For more than 50 years, Cabbage Island Clambakes have operated almost every summer on postcard-pretty Cabbage Island, just off of Boothbay in Linekin Bay. Now, before you think (I did) that taking a boat to an island for a clambake sounds a little goofy (i.e. just for tourists), it’s actually a great time. And the food’s good too.
Part of Boothbay Harbor’s annual Windjammer Days festival is a Cabbage Island Clambake for the captains, crew and passengers of the windjammers anchored out in Linekin Bay, plus assorted people involved with the festival, one of whom graciously invited me. I was ferried to the island by Harbormaster Peter Ripley and his wife Mary on their fishing boat, “Breakaway;” Cabbage Island also has its own boat, the “Bennie Alice,” which leaves from the harbor.
Cabbage Island is beautiful, and having four big schooners moored just offshore made the scenery even better. As crews brought passengers to the dock, we wandered around the 5 1/2 acre island to find the perfect picnic table. Some are right outside the main lodge (where you will enjoy your lobster if it rains) others are scattered about, so you don’t feel as if you are eating in the outdoor version of a dining hall. Staff members took orders for drinks, generously poured into plastic cups.
We watched the “bake” steaming under tarps over a wood fire until the first bell rang, indicating fish chowder was being served. The classic recipe: salt pork, onion, potato and fish in a milky broth served super hot; it was perfect.
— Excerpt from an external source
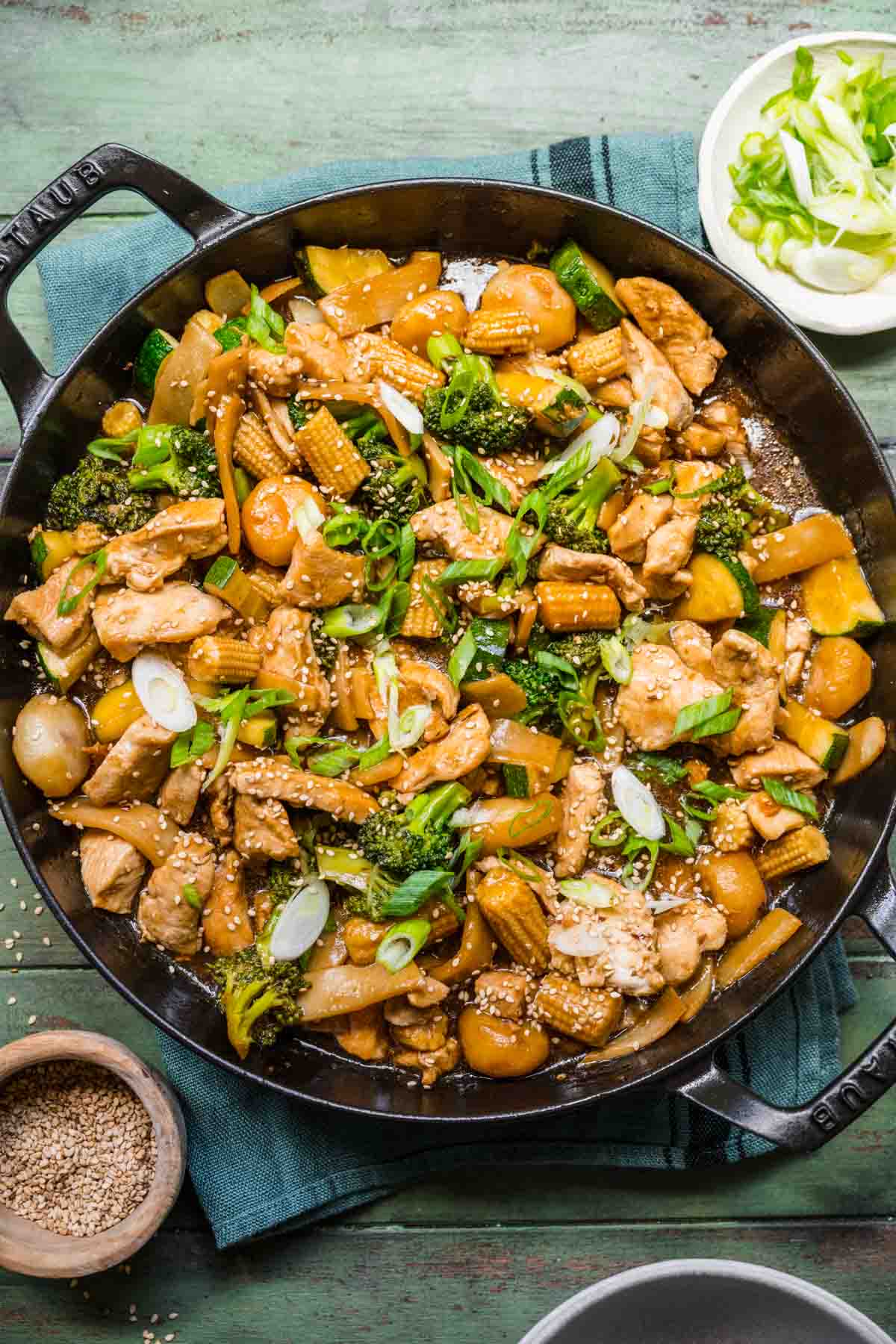 Chop Suey finished dish in skillet, blue gray background and ingredient decorations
The rest of the meal was just as well-prepared: lobster (we had just one, but CIC usually serves two per guest); steamer clams, baked potato, a whole onion, ear of corn and a hardboiled egg. Wayne Moore, who with his brother Bob is the second owner of Cabbage Island Clambakes, explained that eggs were traditionally placed on the top of the layers of a lobster bake to act as a sort of thermometer – when they are hard-cooked; everything is done.
Dessert is another Maine classic – blueberry cake – served in hefty slices.
The whole thing costs $59.95 per person (including the boat ride on the Bennie Alice out and back, but not including drinks, tax and tip). You’d pay at least that for dinner in many Portland restaurants; in my opinion, the experience is absolutely worth the price.